Another thing which might have occurred in connection with this title is interesting. Instead of obtaining a quitclaim deed, suppose the respondent, by collusion or arrangement with the existing heirs or otherwise, had deliberately done or omitted to do some act, as a result of which the condition as to the church use of the property would have been in law breached; that then the
Concededly, there is no statute dealing with the scope and effect of this quitclaim deed; the case is, therefore, governed by the principles and rules of the common law. We find no authority exactly in point; but some pertinent common-law principles are as follows:
1. Conditions subsequent are not favored in the law and are construed strictly because they tend to destroy estates. (4 Kent Comm. 129; Woodworth v. Payne, 74 N. Y. 196; Munro v. Syracuse, L. S. & N. R. R. Co., 200 id. 224.)

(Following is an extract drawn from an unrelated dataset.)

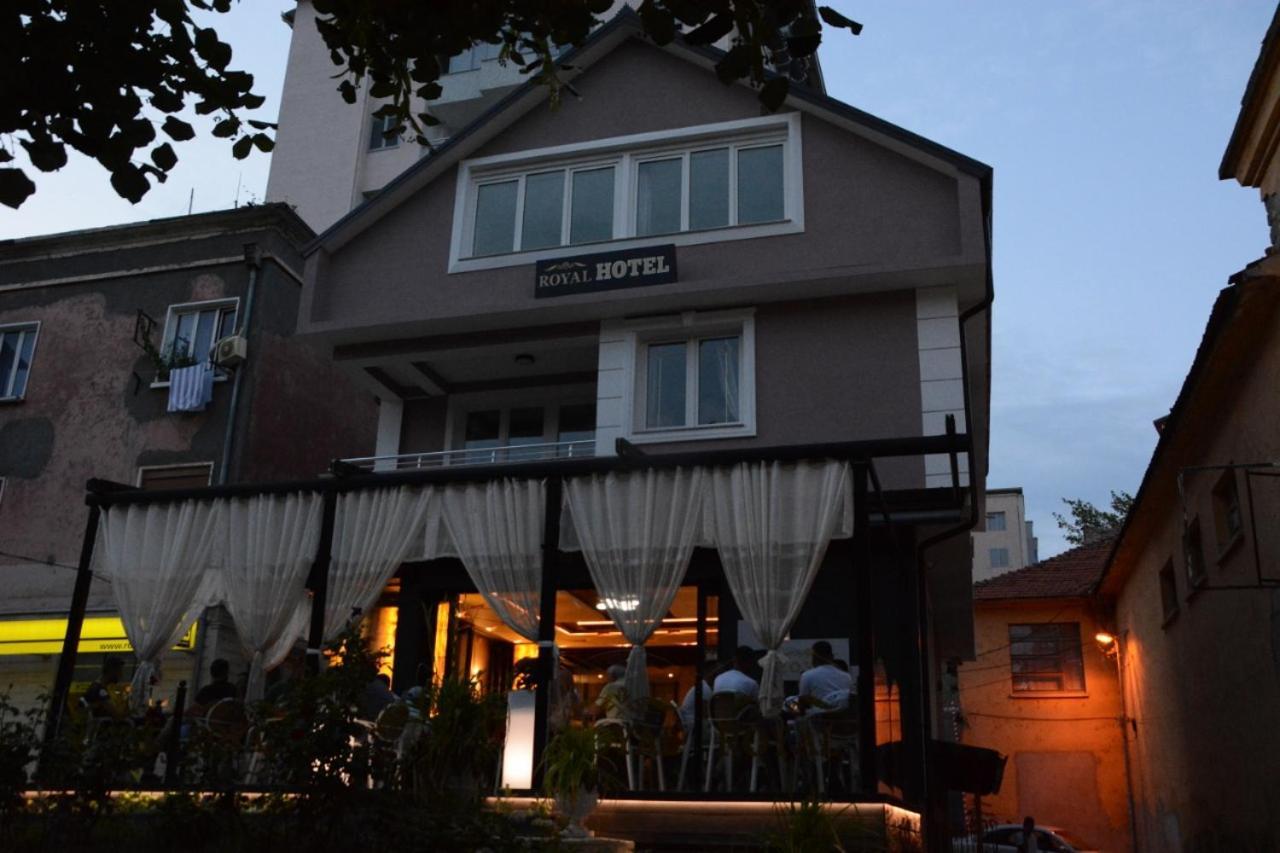 Royal Hotel Peshkopi Albania מראה חיצוני תמונה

2. In the case ,of a grant upon condition subsequent, the grantee takes — not title in fee simple absolute — but only a base or determinable fee; however, nothing remains in the grantor or his heirs except the right to take advantage of a breach of the condition — a mere possibility of reverter, which is neither an estate nor an interest in real property, nor an assignable nor a devisable chose in action, nor a possibility coupled with an interest, but a bare possibility alone. (Nicoll v. N. Y. & E. R. R. Co., 12 N. Y. 121; Fowler v. Coates, 201 id. 257.)
3. Upon the death of the grantor of an estate upon condition subsequent, bis heirs succeed to his right of re-entry for condition broken by force of representation and not by descent. ( Upington v. Corrigan, 151 N. Y. 143.)
4. The law prohibits the assignment of the right of re-entry to a stranger (Towle v. Remsen, 70 N. Y. 303; Nicoll v. N. Y. & E. R. R. Co., supra, and authorities cited), but favors its release to the owner of the fee. (Miller v. Emans, 19 N. Y. 384.) There can be no assignment to a stranger — not only because such a conveyance would tend to promote maintenance, as some of the older authorities state it — but because a right of re-entry which may possibly exist in the future is not an estate or property right capable of being conveyed. The right is also “ said to be unassignable for great reasons of public policy.” (People v. Wainwright, 237 N. Y. 407.)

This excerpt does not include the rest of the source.